Cornel West Calls Biden 'Architect Of Mass Incarceration' During 1990s
Progressive activist and scholar Cornel West, who is running a third-party presidential campaign, blamed the crack epidemic-era crime bill President Joe Biden pushed as a senator for the mass incarceration of Black people.
“Well, I think you’ll think Joe Biden contributed to a crime against humanity when he became the architect of the mass incarceration regime in the 1990s,” West told The New York Post in an interview, referring to the Violent Crime Control and Law Enforcement Act of 1994.
“I’ve taught in prison for 41 years. And the level of barbarity in our prisons has something to do with that crime bill that he put forward,” said West, 70, a former professor at Yale, Princeton and Harvard who now teaches at Union Theological Seminary.
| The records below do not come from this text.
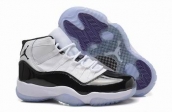 nike air jordan 11 shoes aaa wholesale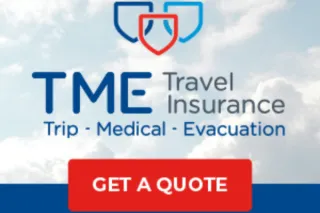 Why Should I Consider Buying Travel Insurance?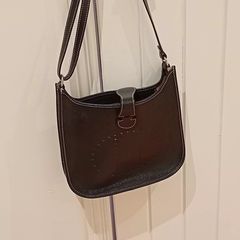 Crossbody/ Shoulder Bag
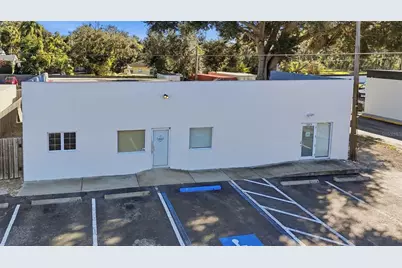 16415 N Florida Avenue, Lutz, FL 33549 - Photo 2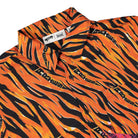 Vans Aries x Vans WM Vault Shirt Multicolor Shirts Close-up | Overkill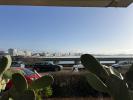 Vente Appartement Sables-d'olonne  85100 2 pieces 56 m2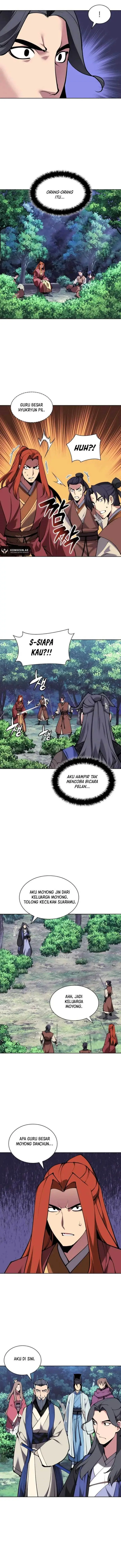 image-komik-records-of-the-swordsman-scholar-chapter-155-12/17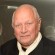 Steven Berkoff - thumbnail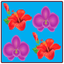Memory Puzzle Game icon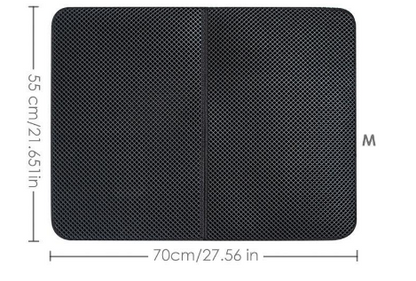 Cat Mat, Cat Blanket, Cat Pad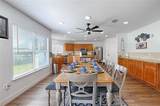 3188 Spyglass Drive - Photo 13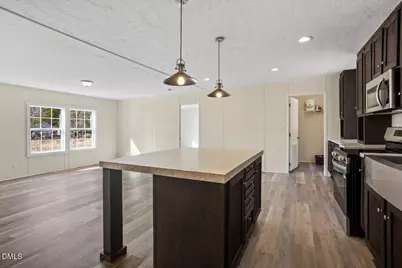 1101 Perry Road, Zebulon, NC 27597 - Photo 14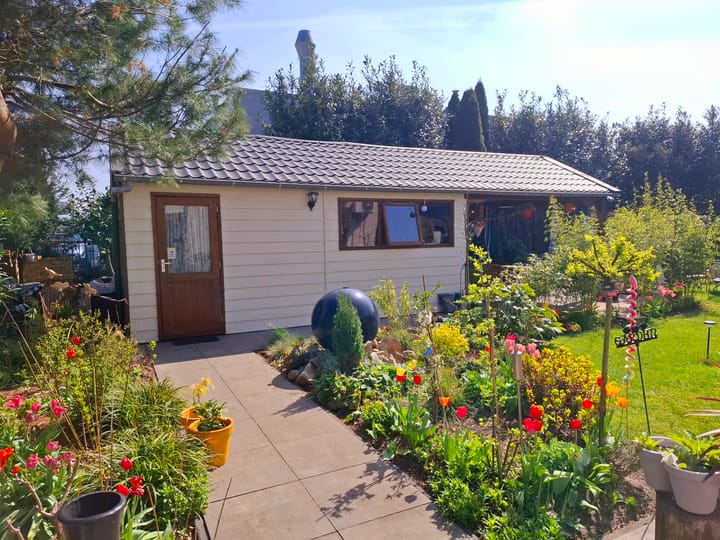 Foto 10 van Uilenbroekstraat 72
Former President Bill Clinton signed the crime bill that provided for 100,000 new police officers and allocated $9.7 billion for prisons and $6.1 billion for prevention programs, according to the U.S. Department of Justice. It’s the largest crime bill in the nation’s history.
Whether the legislation caused mass incarceration is a hotly debated issue. Stephen Ross Johnson, a board member of the National Association of Criminal Defense Lawyers and past president of the Tennessee Association of Criminal Defense Lawyers, told USA Today in 2020 that it is "over simplistic" to say the 1994 crime bill led to mass incarceration. Johnson said the 1994 crime bill was “a link in the chain” of federal legislation that goes back to the late 1960s and early 1970s in the war on drugs.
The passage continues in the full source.